I dati emergono dall'Osservatorio Crif-Mister Credit, che evidenzia come i criminali ricorrano a tecniche sempre più sofisticate, anche grazie all'impiego dell'intelligenza artificiale. Parallelamente cresce la vulnerabilità delle fasce più giovani della popolazione: gli under 30 fanno registrare l'aumento più marcato tra le vittime (+13,8%) e rappresentano ormai oltre un caso di frode su cinque. Più in generale, le persone tra i 18 e i 40 anni risultano le più esposte.

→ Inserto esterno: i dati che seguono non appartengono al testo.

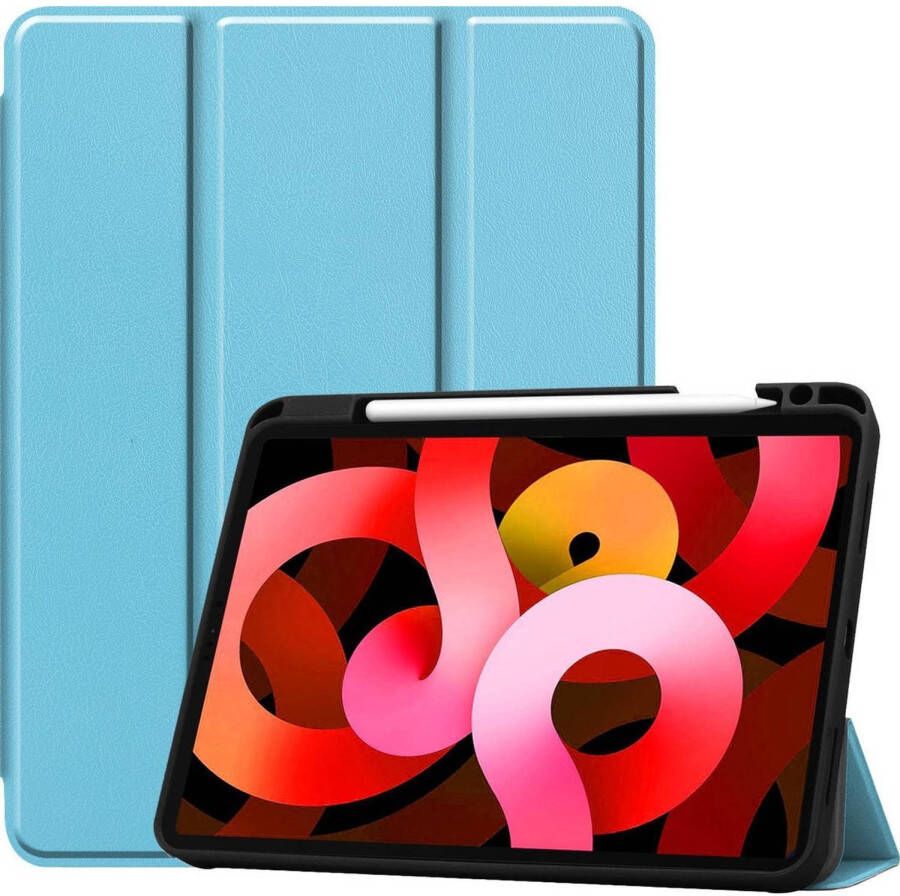 Basey iPad Air 4 2020 Hoes Case Hoesje Licht Blauw Uitsparing Apple Pencil iPad Air 2020 10.9 Inch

Tra le diverse forme di finanziamento aumentano le frodi legate al Buy Now Pay Later, cresciute del 13,8%, e quelle sui mutui, che segnano un'impennata del 50,1%. In calo, invece, le truffe sui prestiti finalizzati (-6,5%) e sui prestiti personali (-7,5%). Per i mutui resta inoltre elevato il tempo necessario per individuare gli illeciti: nella quasi totalità dei casi la scoperta avviene solo dopo quattro o cinque anni.

Per Beatrice Rubini, Executive Director della linea Mister Credit di Crif, questi numeri confermano la necessità di rafforzare la prevenzione e investire maggiormente nell'educazione finanziaria e digitale, così da aiutare cittadini e imprese a riconoscere e contrastare i tentativi di frode.